Но вот они с Левой расстаются навсегда, и эти драматические секунды, когда “Лева шел по желтой дорожке садика и уходил, и долго он так шел с этой желтизной перед глазами”, чем-то, в обратном изображении, напоминают долгий проход лобышевской девушки по “туннелю” парадной. В мгновения эти уясняется: “В первый и последний раз перед ним реально возник тот врожденный образ вечной любви, с олицетворением которого он так настойчиво приставал по первому адресу… Это была Она – и он тут же простился с нею навсегда, больше не мечтая о том, чего не бывает в жизни”.

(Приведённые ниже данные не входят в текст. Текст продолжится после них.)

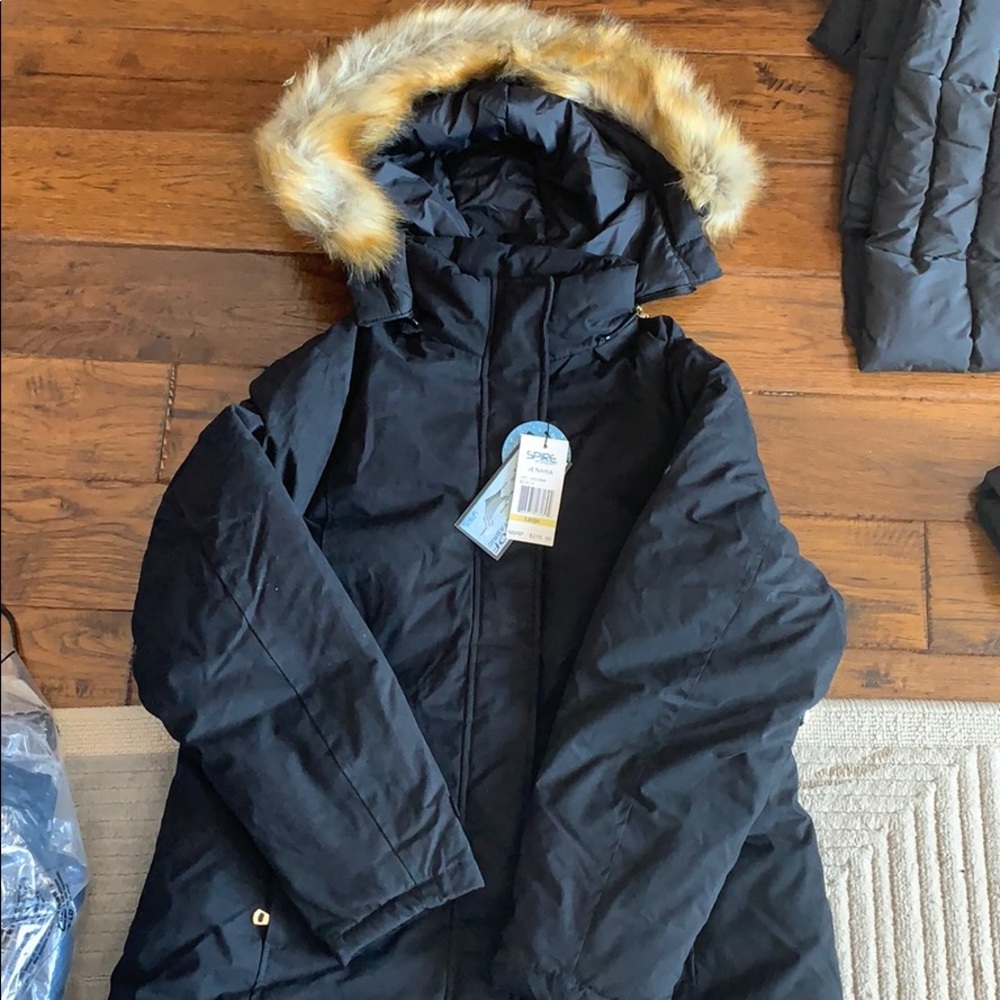 Brand New Spire large water resistant womens coat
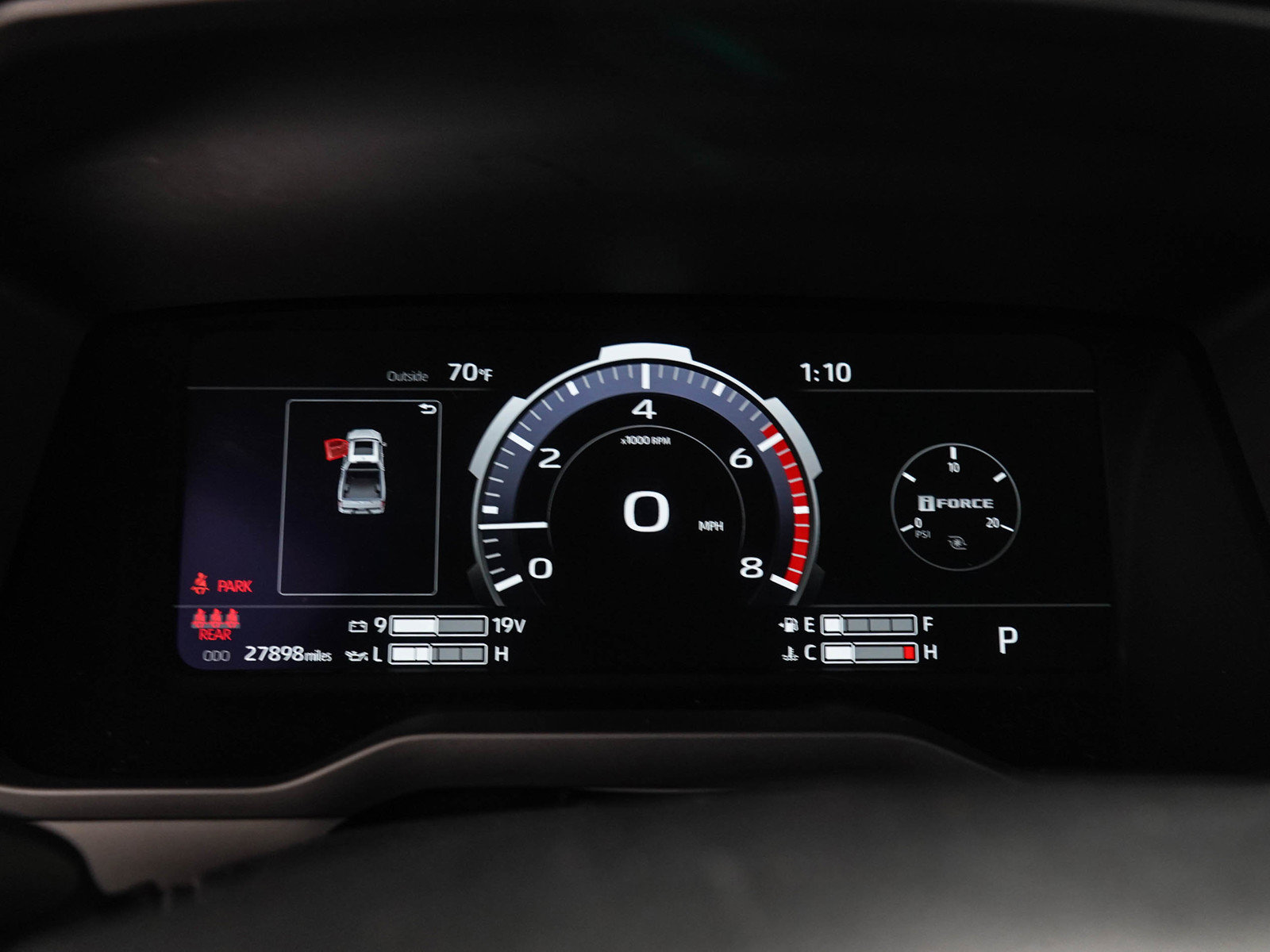 Used 2024 Toyota Tundra Limited w/ TRD Off-Road Package AWD/4WD image 29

Два прозрения: Фаина, “жена моя”, первая и, значит, первообразная любовь, – и Альбина, “врожденный образ вечной любви”. Раздвоившаяся на две ипостаси Пенелопа, так и оставшаяся неопознанной – скажу почти кощунственно – “в рабьем зраке”. Раздвоение этого образа – симптом раздвоения самого битовского героя, варианты какового раздвоения, от “романа-пунктира” до “Ожидания обезьян”, я перечислять не стану; тут другая, особая тема. Замечу только, что в упомянутой новелле из “Преподавателя симметрии” – “Вид неба Трои”, – где Дика, Эвридика, не выведена своим Орфеем из ада смерти, поскольку он увлечен мечтой о “бумажной Елене”, о том, “чего не бывает в жизни”, в новелле этой еще раз, на новый, уже откровенно переплетенный с мифами, лад проигрывается раздвоение женского образа – отсутствующего минус-образа Пенелопы. (Но тут я снова отсылаю к статье Ирины Сурат в № 4 “Октября” за 2007 год, где новелла пристально разобрана.)
Видите, как далеко, отчасти для самой неожиданно, завело меня последнее по времени перечитывание рассказа: вечная женская преданность является своему герою, “такому высокому и широкоплечему” – “такая маленькая и ладная”, и удаляется, не узнанная и не оцененная в сиюминутном непрезентабельном облике.
Мне могут возразить, да и сама я себе с готовностью возражу, что “не о том” рассказ. А о том, как человек, поработившийся социуму, живущий в “неточном сне”, получив некий урок, с ужасом понимает о себе, что “не властен в каждом шаге, движении и слове”, что “целая жизнь у него такая”, жизнь на ложных началах. Да, конечно: вот тема, с которой Битов пришел в литературу, как с визитной карточкой. И можно счесть, что замухрышка-Пенелопа – только повод, только наглядное пособие для преподания герою этого урока. Но большой художник – даже невольно, даже, что еще ценней, не до конца это осознавая – затрагивает ключевые основы существования, проращивая их сквозь социальную психологию пресловутого “нашего времени”. И я уверена, что этот выход в надвременную перспективу в одном из самых диагностически точных по отношению к своей эпохе рассказов Битова – не моя иллюзия, а заочный сюжет, вписанный в сюжет очевидный симпатическими чернилами.